Yeah I bet once you get the stack up and running, as well as smooth out the inevitable early adopter bugs of lit-html, you'll have a great experience. The subtext of this was my friend constantly telling me easy and simple it'd be versus React. When in fact each stack has its tradeoffs and incidental complexity.
lit-html has been used in production for over 2 years now, on sites with billions of page views a day. At this point no one new to it would be an early adopter :)
The issue with module loading is a pretty fundamental one, though pretty unrelated to web components.
Once you understand it, there are a large number of tools that make them work. The core problem is that most modules available on npm are written with import specifiers that assume the environment supports Node's module name result. Browsers don't, so it won't load something like `import * as redux from 'redux';`
The solution is a tool that transforms package names into URLs. Webpack, Rollup, Parcel, es-dev-server, Snowpack, Vite, unpkg.com, Polymer CLI, and many more do this for you.
More and more of the ecosystem is moving to native modules and we're all going to have to understand this issue.
ReasonReact has been used in production for 3 years now, with billions of page views a day.

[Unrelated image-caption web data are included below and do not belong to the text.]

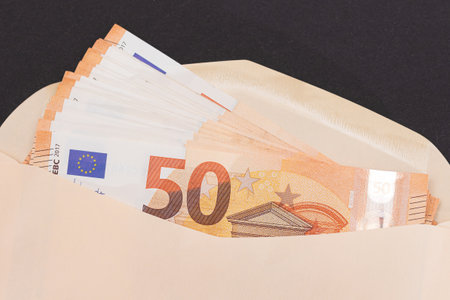 An Orange Paper Envelope with Stack of 50-Euro Banknotes Inside. Salary in Cash. Euro Currency....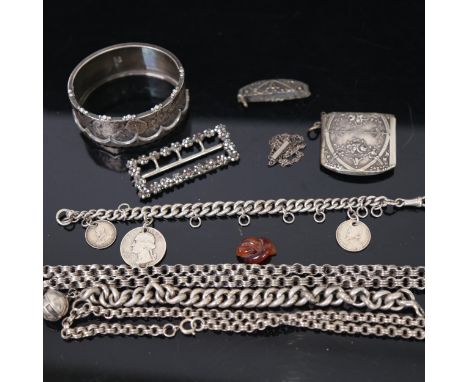 A tray of silver jewellery, to include an engraved and embossed bangle, silver Alberts, bracelets etc 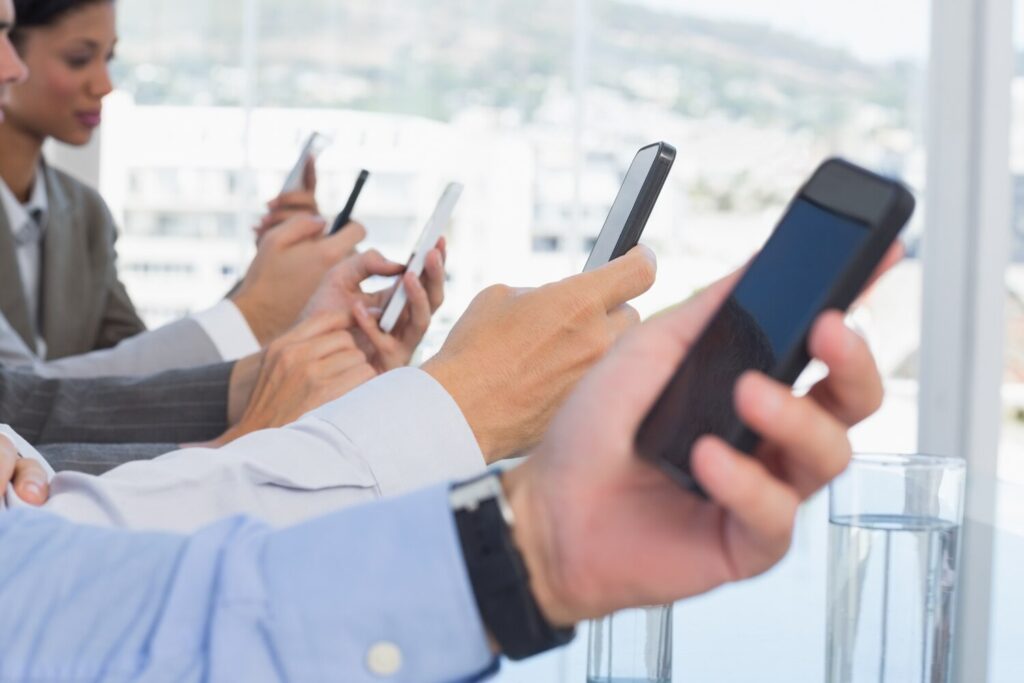 business team using their mobile phone 13339 133912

I'd still call it immature in many^[1] regards :D
The particular point of this project was to prove that each successive simplification that my friend proposed, i.e. avoiding Webpack for native ES6 modules, using lit-html instead of React, etc. introduced its own complexity. I'm not saying that these were all bad ideas, but just that they're fundamentally tradeoffs. I'm quite sure lit-html is a great stack. But it's not "better" than React any more than React is "better" than Angular.
[1]: Lack of async/await, or its equivalent, let+ in OCaml 4.08, is a big one. Mediocre typings for browser APIs is another.